### [TASK INSTRUCTIONS]
Wherever the word "Aesthetic" shows up in the data, report the line it sits in.
^^^^^^^^^^^^^^^^
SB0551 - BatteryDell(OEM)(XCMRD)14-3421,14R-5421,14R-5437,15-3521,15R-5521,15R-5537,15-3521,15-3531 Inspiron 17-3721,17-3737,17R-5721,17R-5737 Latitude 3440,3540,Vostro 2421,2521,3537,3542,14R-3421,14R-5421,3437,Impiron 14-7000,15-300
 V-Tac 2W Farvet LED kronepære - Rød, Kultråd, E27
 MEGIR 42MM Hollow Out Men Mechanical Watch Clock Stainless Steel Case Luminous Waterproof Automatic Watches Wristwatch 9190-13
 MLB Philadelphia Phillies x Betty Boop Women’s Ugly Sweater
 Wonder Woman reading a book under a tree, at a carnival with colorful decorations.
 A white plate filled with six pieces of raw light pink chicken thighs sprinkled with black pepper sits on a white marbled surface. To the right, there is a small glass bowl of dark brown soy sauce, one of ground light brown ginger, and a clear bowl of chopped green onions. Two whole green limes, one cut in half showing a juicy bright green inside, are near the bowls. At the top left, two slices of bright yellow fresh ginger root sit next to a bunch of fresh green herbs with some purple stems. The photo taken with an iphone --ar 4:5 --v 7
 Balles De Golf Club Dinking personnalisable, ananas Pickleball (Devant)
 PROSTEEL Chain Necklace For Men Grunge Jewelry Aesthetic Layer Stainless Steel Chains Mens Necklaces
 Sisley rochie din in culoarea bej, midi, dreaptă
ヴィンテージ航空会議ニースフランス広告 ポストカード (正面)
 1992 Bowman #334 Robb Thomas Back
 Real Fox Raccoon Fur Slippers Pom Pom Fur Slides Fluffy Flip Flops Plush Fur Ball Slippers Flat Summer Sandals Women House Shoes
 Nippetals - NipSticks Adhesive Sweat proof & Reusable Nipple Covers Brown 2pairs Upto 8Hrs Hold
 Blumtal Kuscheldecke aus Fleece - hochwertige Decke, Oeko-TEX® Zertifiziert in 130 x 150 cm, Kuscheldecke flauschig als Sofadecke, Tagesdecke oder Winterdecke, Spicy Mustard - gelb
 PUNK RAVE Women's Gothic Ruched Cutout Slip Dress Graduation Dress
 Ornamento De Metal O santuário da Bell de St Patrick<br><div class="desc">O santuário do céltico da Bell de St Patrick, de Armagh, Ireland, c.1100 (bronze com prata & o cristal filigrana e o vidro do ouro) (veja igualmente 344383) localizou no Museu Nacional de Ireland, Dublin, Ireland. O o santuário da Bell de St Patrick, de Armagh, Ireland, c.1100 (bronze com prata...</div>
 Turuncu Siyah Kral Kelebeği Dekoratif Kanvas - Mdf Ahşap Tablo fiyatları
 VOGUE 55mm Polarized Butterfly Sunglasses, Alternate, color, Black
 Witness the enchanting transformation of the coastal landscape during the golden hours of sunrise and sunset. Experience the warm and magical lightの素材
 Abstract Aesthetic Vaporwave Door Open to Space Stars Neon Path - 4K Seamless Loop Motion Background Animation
^^^^^^^^^^^^^^^^
### [RESULT OF THIS EXERCISE]
 PROSTEEL Chain Necklace For Men Grunge Jewelry Aesthetic Layer Stainless Steel Chains Mens Necklaces
 Abstract Aesthetic Vaporwave Door Open to Space Stars Neon Path - 4K Seamless Loop Motion Background Animation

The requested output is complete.